Even for simple hypothesis classes, such linear thresholds in one dimension any online prediction strategy for the simplest setting of threshold classifiers must incur error \Omega (n) for some realizable sequence.2 This precludes the possibility of obtaining good PAC guarantees using worst-case guarantees of online learning algorithms. In the next section, we discuss how this limitation can be overcome in the PAC setting, by exploiting the exchangeability of the input sequences, allowing us to take advantage of beyond worst-case nature of our sequences.

Online-to-batch: PAC Error Bound

Given the worst-case error guarantees of an online learning algorithm, it is natural to conclude that the online-to-batch framework cannot yield non-trivial conclusions for the PAC setting.
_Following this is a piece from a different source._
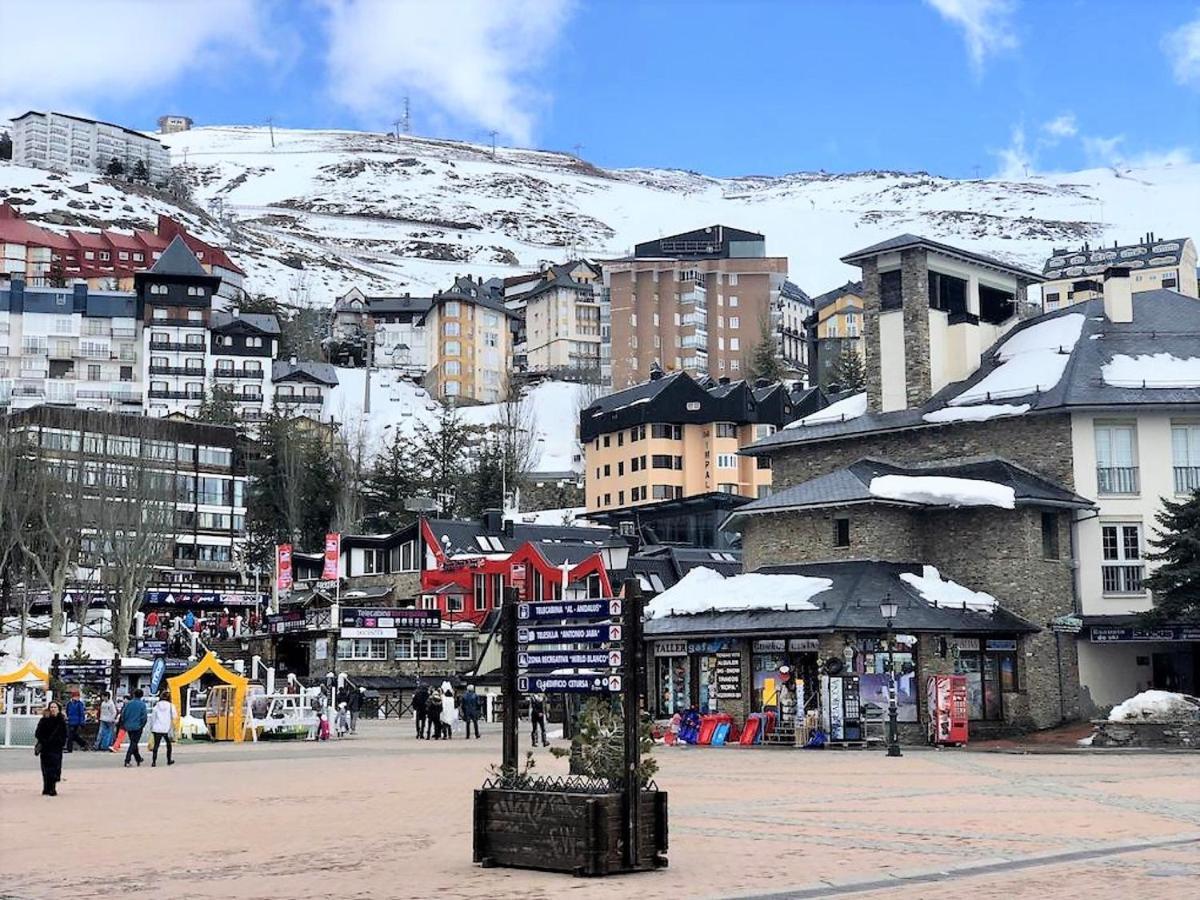 Todosierranevada Zona Baja -Plaza Principal-Junto A Los Telecabinas Serra Nevada Exterior foto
However, a more careful analysis of the argument from the previous section shows we only require an online learning algorithm that performs well on sequences generated i.i.d. from a distribution. One might think that one immediately needs to worry about “average-case” instances that come from a distribution and this would potentially lead to a PAC guarantee. But it turns out in most cases, the choice of the instances x_1, \dots, x_n are less important than the order in which they are presented to the learner. But for the online-to-batch framework in the previous section, the fact that the error bound M works for any sequence (in any order) of examples is crucial. Another way of seeing this is to note that we had to bound

\sum_{i = 1}^n \mathbb{I}  \left\{Y_i \neq f^{i - 1} (X_i)\right\}

with high probability over the choice of X_i. If one tried to apply standard martingale type arguments to this, one would be required to bound

\mathbb{E}[\mathbb{I} \left\{Y_i \neq f^{i - 1} (X_i) \right\} | (X_1, Y_1),\dots, (X_{i-1} , Y_{i-1}) ]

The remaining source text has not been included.